Output Guide¶
Per-file documentation for every major artifact in outputs/tables/ and
data/processed/. For each file: what it is, main columns, how to use it,
what not to infer, and the planned downstream consumer.
outputs/tables/historical_trend_estimates.csv¶
What it is: all log-linear trend fits produced by the historical baseline. 45 rows covering training compute, training cost (3 cost variants), and cost-per-FLOP, each across 9 frontier rules / time windows.
Main columns:
- trend_name — training_compute, training_cost_2023usd, training_cost_cloud, training_cost_upfront, cost_per_flop_2023usd
- frontier_rule — e.g. frontier_rule_a_2018+, epoch_frontier_flag_full, all_models_full
- start_year, end_year, n_models
- slope_log10_per_year — fitted slope of log10(y) vs year
- annual_growth_multiplier — equivalent annual ×, i.e. 10^slope
- doubling_time_years — log(2) / log(annual_multiplier)
- r_squared, standard_error
- notes — free-text fit context
How to use it: as the source-of-truth for any historical-trend statement ("frontier compute grew at X×/yr").

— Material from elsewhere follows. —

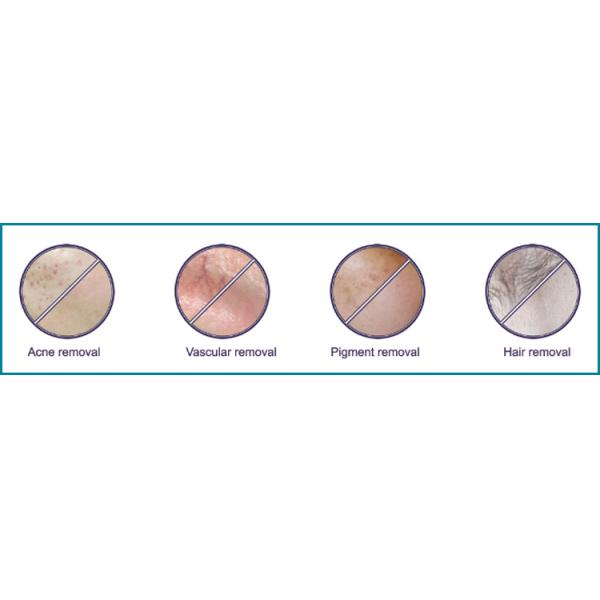 Big Spot IPL Hair Removal Machine Powerful 2 Handlepieces SHR SSR Beauty Equipment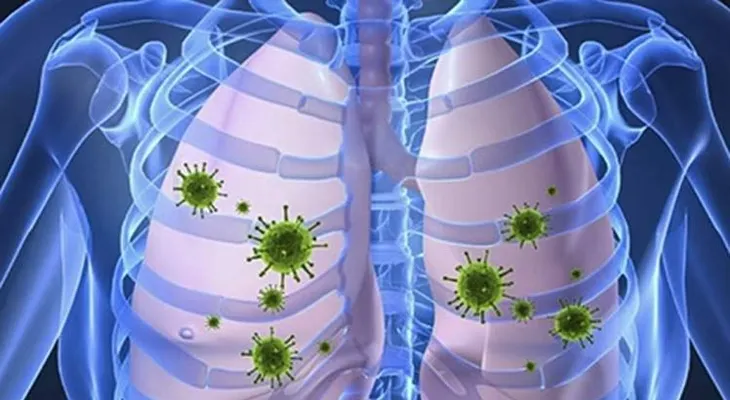 Suman 88 los muertos en Costa Rica a causa de virus respiratorios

Pick the (trend_name, frontier_rule) row matching the claim. Rule A 2018+ is the project's preferred frontier definition for the modern era.
What not to infer: these are historical fits, not forecasts. The preferred Rule A 2018+ slope of ~5.97×/yr cannot be extrapolated to 2030+ without a supply-capacity check. The historical trend is a single-frontier- run quantity, not a total-compute quantity.
Downstream consumer: the supply-capacity pipeline reads this file via
get_historical_rule_a_2018_fit() to overlay the historical fit on
outputs/charts/supply_vs_historical_compute_trend.png. The allocation
layer will use it as its calibration target.
outputs/tables/supply_fundamental_inputs_by_year.csv¶
What it is: the supply-capacity model's primary output. One row per (scenario, year) covering 2024–2040 across four scenarios = 68 rows × ~24 columns.
Main columns:
- year, scenario
- accelerator_shipments_h100e — annual H100-eq shipments (input)
- installed_stock_h100e_chip_limited — chip-only stock (with retirement)
- power_limited_stock_h100e, datacenter_limited_stock_h100e, capex_limited_stock_h100e
- available_stock_h100e — min of the four above (the binding limit)
- binding_constraint — chip / power / datacenter / capex
- theoretical_compute_flop_year — chip stock × peak FLOP × seconds/year
- usable_compute_flop_year — after constraints + utilization derating; the headline
- cost_per_h100e_year_{upfront,cloud,blended} — three cost variants per Phase 1 finding
How to use it: as the input to the (yet-to-be-built) allocation layer.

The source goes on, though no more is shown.